Currently, there are diverse non-pharmacological interventions for depression in obese populations, including psychotherapy (e.g., cognitive behavioral therapy [CBT] and mindfulness training), lifestyle modifications (e.g., exercise and dietary management), digital health interventions (e.g., VR technology), and social support. These approaches can help patients adjust dietary and lifestyle habits, identify and modify negative thought patterns and behavioral routines through multiple pathways, thereby alleviating depressive symptoms and improving mood (12, 13). As demonstrated by Abdollahi et al. (14), CBT significantly improved obesity-related depressive symptoms by facilitating positive cognitive and behavioral shifts in patients. Other studies indicated that time-restricted eating and mindfulness-based intervention (MBI) demonstrated favorable outcomes in enhancing quality of life and palliating psychological burdens, bringing about positive life changes for patients (15, 16). Additionally, dietary and exercise interventions demonstrated favorable efficacy in improving physical conditions and gaining positive psychological feedback through scientifically guided nutrition and appropriate physical activity (17). However, existing research has primarily focused on single intervention measures, lacking direct comparisons and ranking of the efficacy of different intervention methods. Furthermore, network meta-analysis (NMA) studies on depression interventions for obese populations remain absent, making it difficult to comprehensively understand the relative effectiveness and applicability of various intervention approaches. Therefore, this study aims to systematically retrieve and integrate existing evidence to investigate the effectiveness of different non-pharmacological interventions in improving depressive symptoms among obese individuals.

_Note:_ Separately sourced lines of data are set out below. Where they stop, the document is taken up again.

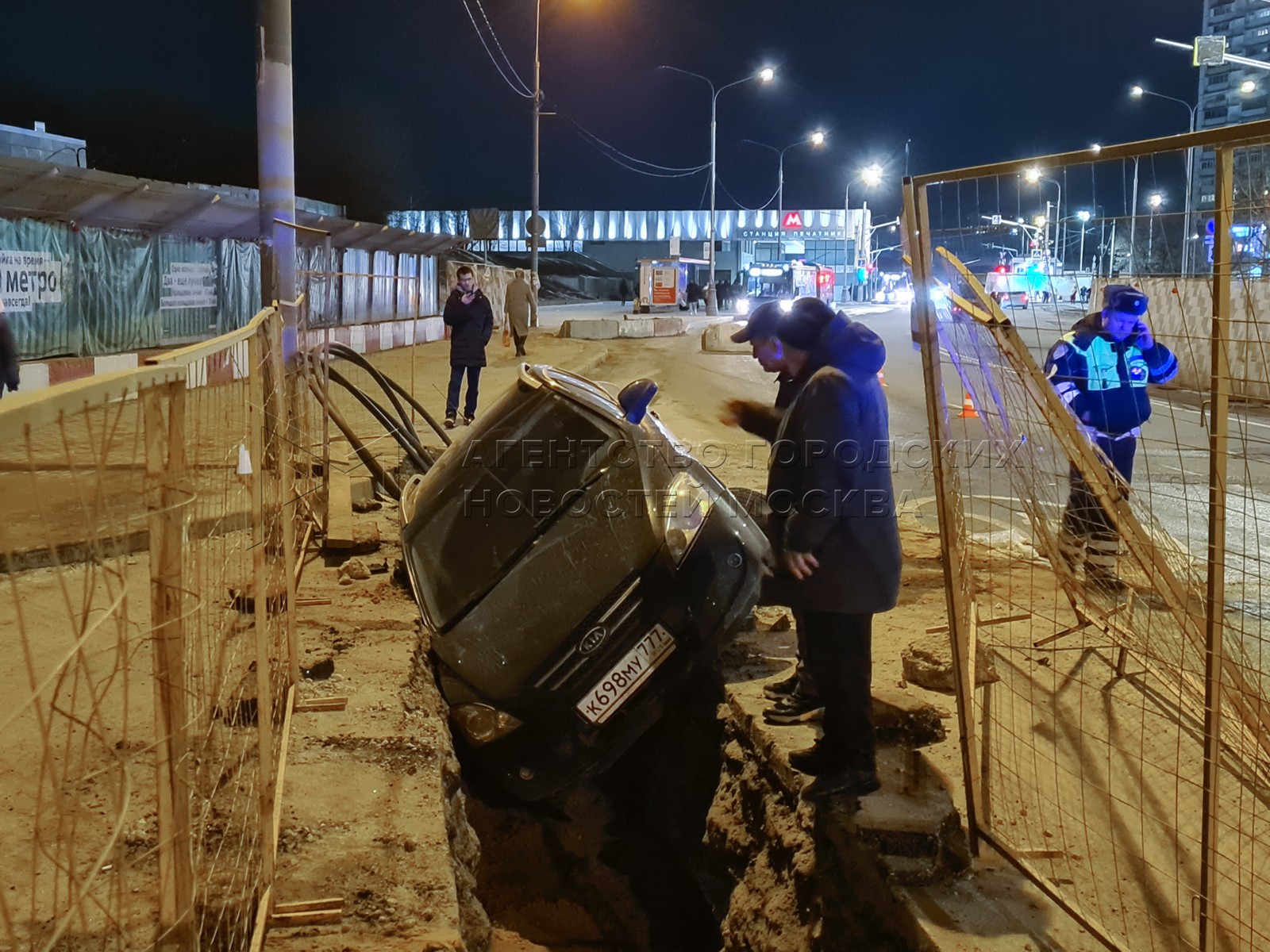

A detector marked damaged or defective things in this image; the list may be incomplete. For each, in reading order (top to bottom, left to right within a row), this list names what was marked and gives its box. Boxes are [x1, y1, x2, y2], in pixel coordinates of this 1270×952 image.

rusty rebar mesh [0, 309, 318, 949]
broken concrete chunk [904, 635, 1000, 695]
rusty rebar mesh [914, 137, 1270, 949]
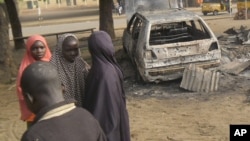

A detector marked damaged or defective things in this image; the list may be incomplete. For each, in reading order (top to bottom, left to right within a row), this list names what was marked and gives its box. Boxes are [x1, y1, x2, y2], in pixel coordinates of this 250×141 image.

burned car [122, 9, 222, 82]
charred car body [122, 9, 222, 82]
burnt car wreck [122, 9, 222, 82]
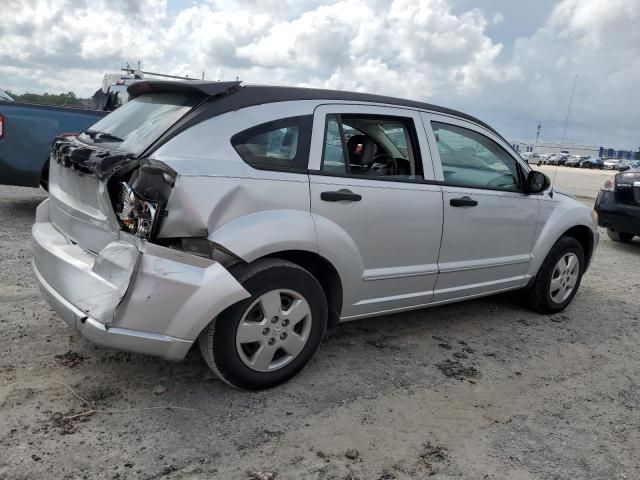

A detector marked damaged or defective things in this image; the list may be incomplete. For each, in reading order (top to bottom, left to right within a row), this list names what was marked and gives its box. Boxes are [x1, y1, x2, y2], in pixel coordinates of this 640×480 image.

detached bumper [31, 199, 250, 360]
rear collision damage [33, 133, 250, 358]
exposed vehicle frame [32, 81, 596, 390]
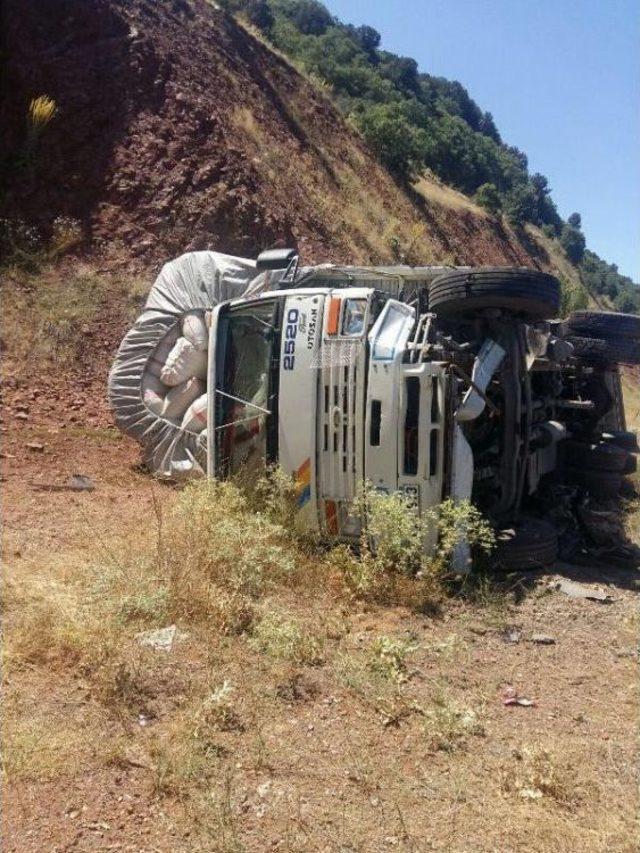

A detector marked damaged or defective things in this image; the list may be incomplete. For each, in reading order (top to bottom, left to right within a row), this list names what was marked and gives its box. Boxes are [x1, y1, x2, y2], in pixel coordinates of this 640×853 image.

overturned truck [110, 250, 640, 568]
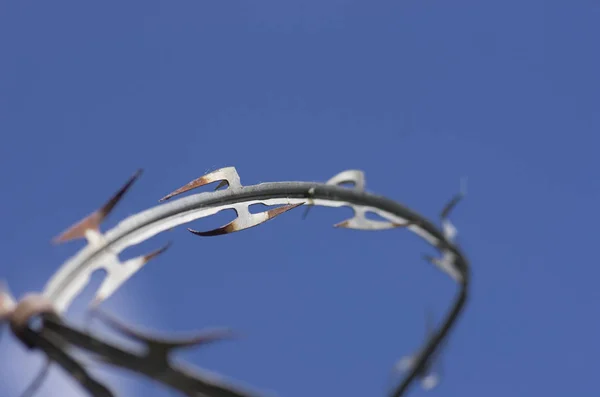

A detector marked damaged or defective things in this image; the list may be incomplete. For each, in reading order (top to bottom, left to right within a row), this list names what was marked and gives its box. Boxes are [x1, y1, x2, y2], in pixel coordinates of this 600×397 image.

The findings of this NMA will address the evidence gap in the interdisciplinary field of obesity and depression, providing clinicians with a tiered evidence-based framework for intervention selection and offering public health policymakers a scientific basis for optimizing resource allocation. By elucidating the mechanisms and appropriate application scenarios for non-pharmacological interventions, this NMA will also advance the development of personalized treatment strategies, ultimately improving the physical and mental health outcomes of obese populations.
Materials and methods
2
The present NMA was conducted according to PRISMA statements (18) and registered in the Prospero (registration number: CRD420251022091). Ethical approval was not required according to Health Research Authority guidance. Data are available on reasonable request.
Search strategy
2.1
A comprehensive search was conducted in PubMed, Embase, Cochrane Library, and Web of Science from the inception of each database to March 16, 2025. Search terms comprised both MeSH terms and free-text words, such as “Obesity”, “Overweight”, “Diet”, “Exercise”, “Cognitive Behavioral Therapy”, “Psychosocial Intervention”, “Social Support”, “Mindfulness-Based Stress Reduction”, “Exercise, Aerobic”, “Cognitive Behavioral Therapy”,”Psychosocial therapy”,”Psychotherapy”, and “Depression”. Boolean operators were used to combine MeSH terms and free-text words. Detailed information is provided in Appendix 1. Reference lists of included studies were manually searched, and citations from relevant reviews were traced to identify potentially overlooked studies.
Eligibility criteria
2.2
Inclusion criteria were as follows: randomized controlled trials (RCTs) meeting PICOS criteria. Study subjects were overweight or obese individuals meeting the latest WHO criteria. Although the target population was adults, one RCT enrolled adolescents (14.99 years). This age deviation was recorded and later addressed through sensitivity analyses. Intervention measures encompassed cognitive therapy (CT), behavioral therapy (BT), cognitive and behavioral interventions (CBI), Pilates, exercise, CBT, CBT-based combined intervention (CBT-CI), diet + exercise, weight management and structured support programs (WMSSP), diet, lifestyle intervention (LI), BT + LI, LI + mental health support (LI+MHS), psychosocial and mind-body interventions (PMBI), dietary combined intervention (DCI), group meetings + telephone consultations (GM + TC). In this network meta-analysis, control conditions were defined as comparators that did not involve structured psychological or behavioral therapeutic interventions targeting depression. These included usual care, waiting-list or delayed-treatment conditions, assessment-only controls, and minimal or background comparators (e.g., health education or support) as defined in the original trials. It should be noted that the specific form of the control condition varied across studies according to their original trial design and comparison framework. The outcome measures were scores on various depression assessment scales (Beck Depression Inventory [BDI], BDI-II, Patient Health Questionnaire-9 [PHQ-9], Hospital Anxiety and Depression Scale [HADS], Center for Epidemiologic Studies Depression Scale [CES-D]). PMBIs were classified as a single category because the included trials—behavioral activation, mindfulness-based intervention, and commercial provider programs—shared common therapeutic elements, such as structured group support, emotional regulation components, and behavior-change strategies, despite differences in formats. This consolidation facilitated network connectivity and consistent comparisons across interventions.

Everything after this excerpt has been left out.